L’ESSENTIEL
Depuis quelques mois et après des années de silence, les alertes médiatiques se multiplient sur les problèmes de la psychiatrie française. Les constats effarants sur l’état du système hospitalier (avec heureusement des exceptions) se succèdent, de même que les promesses gouvernementales. Des réformes s’imposent et un plan de reconstruction (dénommé « feuille de route ») a été promulgué par la ministre en charge de la Santé fin juin 2018.

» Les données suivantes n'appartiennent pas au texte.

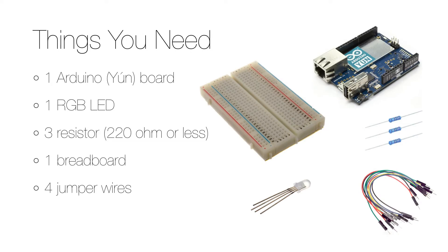Here you can see the needed hardware for this lab, and in addition to the Arduino, the important component is the RGB LED. To connect everything you need a breadboard, three resistors, and four jumper cables that have a male pin on each end.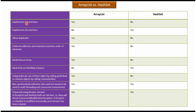Implements list interface: Yes, ArrayList implements list interface. No, HashSet does not implement list interface. Implements set interface: No, ArrayList does not implement set interface. Yes, HashSet implements set interface.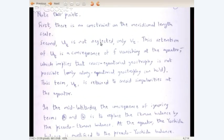Two points. First, there is no constraint on the meridional length scale. We had a similar constraint on L_y in the mid-latitude system; now there is no constraint on L_y. Second, u_t is not neglected — v_t is neglected. This retention of u_t is a consequence of f vanishing at the equator, which implies that cross-equatorial geostrophy is not possible.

Si le besoin d’une refonte de la psychiatrie publique fait l’unanimité, c’est beaucoup moins vrai pour les solutions envisagées : comme le rôle de l’hôpital public est de plus en plus restreint à la prise en charge des urgences et des premiers soins de courte durée, l’accent reste mis par les autorités de tutelle sur le « tout ambulatoire », au nom d’une société « inclusive » (i.e. les malades/handicapés retournent dans leur milieu habituel après l’hospitalisation). Or cette prise en charge ambulatoire est inadaptée aux personnes handicapées psychiques les plus lourdement atteintes, et les exclue au lieu de les inclure : au moins 150.000 d’entre elles sont à l’abandon du système de soins.

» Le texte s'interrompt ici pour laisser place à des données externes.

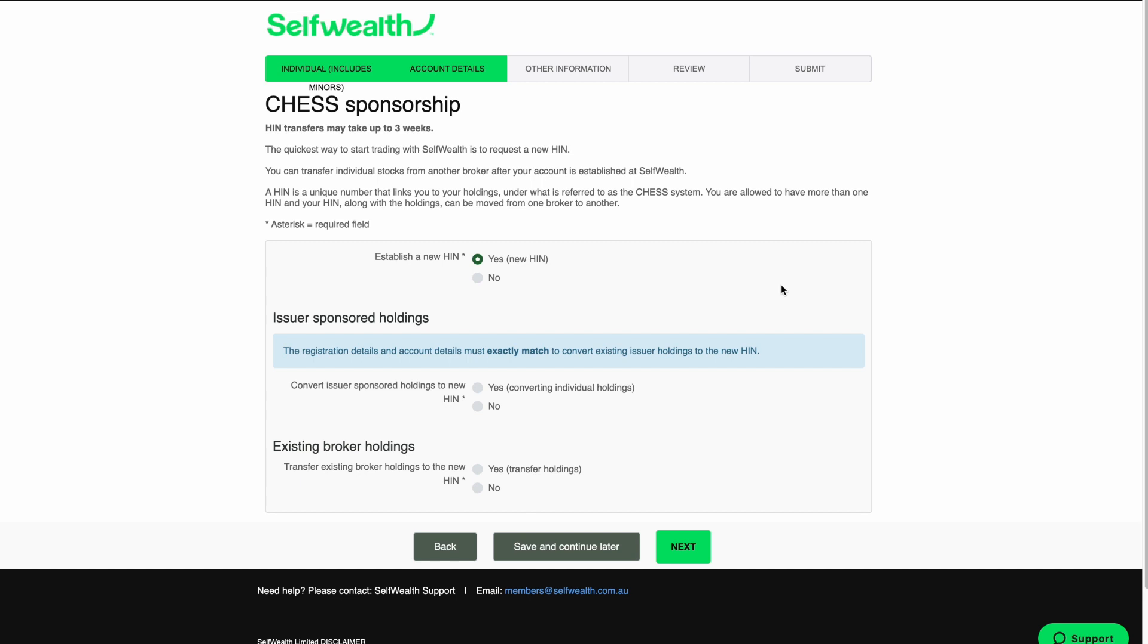On this page, you can choose how you would like your HIN to be set up. Your HIN is a unique number that links you to your shares in Chess, the system used by the ASX to record share ownership.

Alors la question se pose : pour elles, QUOI APRES L’HÔPITAL PSYCHIATRIQUE ?
Les familles le savent qui peinent à trouver une solution pour accueillir, soigner et réinsérer avec la patience qu’il faut leur enfant handicapé par une psychose sévère et chronique, les structures adaptées sont beaucoup trop peu nombreuses. Parmi elles, les dernières cliniques privées de psychothérapie institutionnelle n’offrent plus que quelques centaines de places, et semblent en sursis.
La psychothérapie institutionnelle est née avec la révolution psychiatrique. Bien que participante avant l’heure du mouvement d’inclusion des patients dans la société, elle est taxée aujourd’hui d’être surannée et rétrograde. Or elle est particulièrement performante, le montrer était le but de cette journée. Il importait en effet de faire redécouvrir les réalités de la psychothérapie institutionnelle d’aujourd’hui en clinique privée, et quel meilleur vecteur pour ce faire qu’inviter à cette (re)découverte un éminent professeur de CHU, donc du secteur public, en la personne du Pr Antoine Pelissolo.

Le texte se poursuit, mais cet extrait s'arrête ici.